Allogeneic Stem Cell Transplantation for Patients with Advanced Hematological Malignancies: Comparison of Fludarabine-based Reduced Intensity Conditioning versus Myeloablative Conditioning
Inho Kim*
Kyung-Hun Lee*
Yunhee Choi§
Bhumsuk Keam*
Nam Hee Koo*
Sung-Soo Yoon*
Keun-Young Yoo§
Seonyang Park*
Byoung Kook Kim*
*Department of Internal Medicine, Seoul National University College of Medicine, Korea.
Diagnostic DNA Chip Center, The Ilchun Molecular Medicine Institute, Medical Research Center, Seoul National University, Korea.
Cancer Research Insitutute, Seoul National University, Korea.
§Department of Preventive Medicine, Seoul National University College of Medicine, Seoul, Korea.
Correspondence: Address for correspondence: Seonyang Park, M.D. Department of Internal Medicine, Seoul National University College of Medicine, 28 Yeongeon-dong, Jongno-gu, Seoul 110-744, Korea. Tel: +82.2-2072-3347, Fax: +82.2-744-6075, seonpark@plaza.snu.ac.kr

INTRODUCTION

Allogeneic hematopoietic stem cell transplantation (HSCT) with myeloablative conditioning has previously been used as a treatment for patients who suffer from hematological malignancies. However, this approach involves considerable toxicity, particularly in elderly patients and those exhibiting severe organ dysfunctions. Therefore, reduced intensity conditioning was designed, in order to more safely conduct HSCT on such patients.

The allografts perform two important functions. The first of these functions is the restoration of conditioning-induced cytopenia, and the second is the exertion of an anti-tumor effect, commonly referred to as the graft-versus-malignancy effect (1, 2). A conditioning regimen is known to facilitate the success of HSCT, but this does not appear to be crucial. In some situations, the ability of HSCT to cure the patient seems to be dependent to a greater degree on the immunological control of the malignancy by the graft (2). Several investigators have reported comparable results for reduced intensity and myeloablative transplantations in the treatment of patients suffering from hematological malignancies of diverse disease status (3-8). Reduced intensity conditioning depends on graft-versus-tumor (GVT) effects for the eradication of malignant cells. When the intensity of conditioning is reduced, a loss of control of the malignant cells might become apparent in the early period after transplantation. If this is, indeed, the case, reduced intensity transplantation may be difficult to perform on patients with advanced hematological malignancies. Therefore, we have conducted a direct comparison of the outcomes of reduced intensity and myeloablative transplantation in the treatment of patients exhibiting advanced hematological malignancies.


MATERIALS AND METHODS
Patients

We compared the outcomes of allogeneic HSCT using reduced intensity or myeloablative conditioning for the treatment of patients with advanced hematological malignancies. Between January 2001 and December 2004, 75 adult patients, all of whom exhibited advanced hematological malignancies, received transplantations from human leukocyte antigen (HLA)-matched donors, either related or unrelated, coupled with myeloablative (n=40) or reduced intensity (n=35) conditioning, at the Seoul National University Hospital in Korea. Advanced hematological malignancies were defined as follows: acute leukemia beyond 1st remission, chronic myeloid leukemia (CML) beyond 1st chronic phase (CP), refractory Non-Hodgkin's lymphoma (NHL), and refractory multiple myeloma (MM) that had progressed after autologous HSCT. A full explanation of the transplantation methods was provided to the patients, and informed consent was obtained from all patients who enrolled in the study.
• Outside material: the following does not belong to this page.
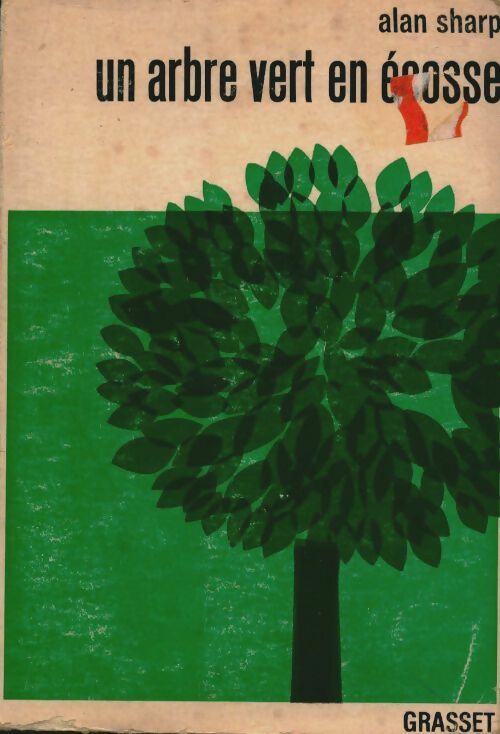 Livrenpoche : Un arbre vert en Ecosse - Alan Sharp - Livre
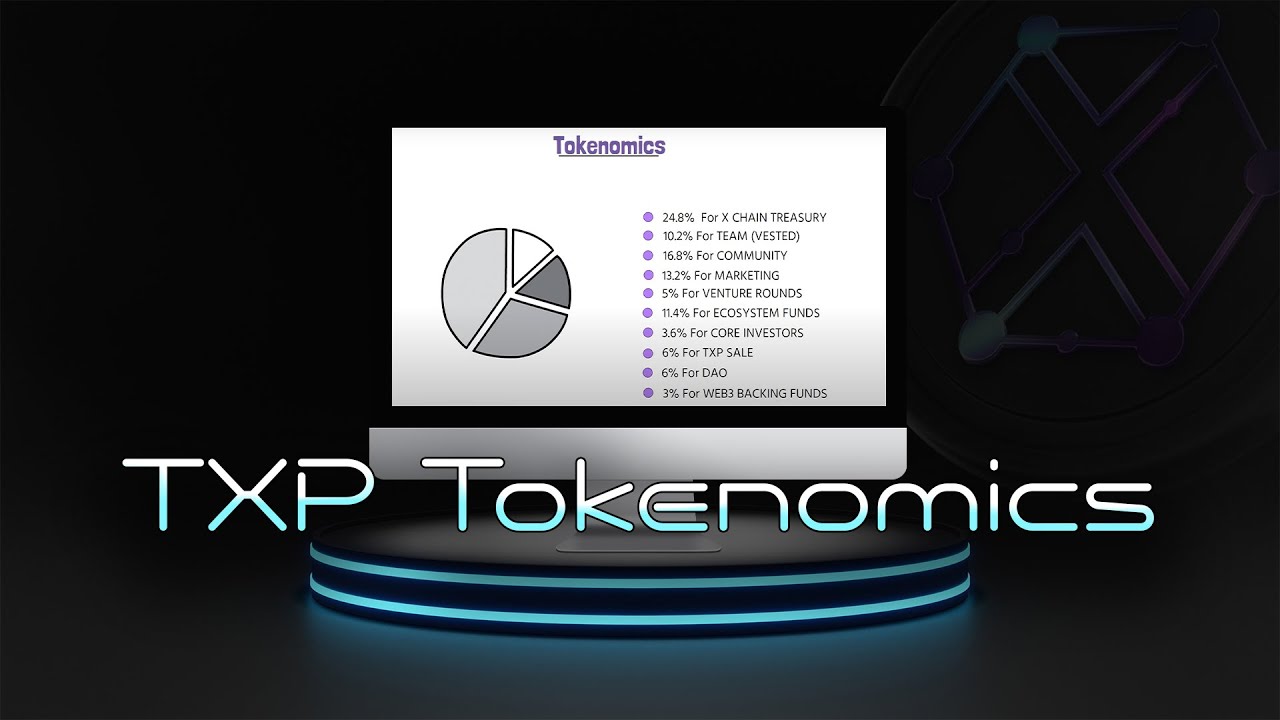 TheX Protocol Tokenomics | Web3 Project Explained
All patients receiving transplantation with reduced intensity conditioning were determined to exhibit contraindications to the myeloablative approach. Contraindications to myeloablative conditioning included advanced age, prior HSCT, major organ dysfunction, or an ECOG performance status of ≥3. The individual reasons for performing reduced intensity HSCT are described in Table 1.

Conditioning regimens

In the reduced intensity group, we used two different fludarabine-based conditioning regimens (Table 2). Among these, the melphalan-containing regimen was used for myeloid malignancies such as acute myeloid leukemia (AML) and CML, and MM. The cyclophosphamide-containing regimen was used for the treatment of lymphoid malignancies (acute lymphoblastic leukemia, NHL) except MM. However, the melphalan-containing regimen was also applied to patients with poor cardiac ejection fractions. Busulfan and cyclophosphamide were used for all of the patients in the myeloablative group.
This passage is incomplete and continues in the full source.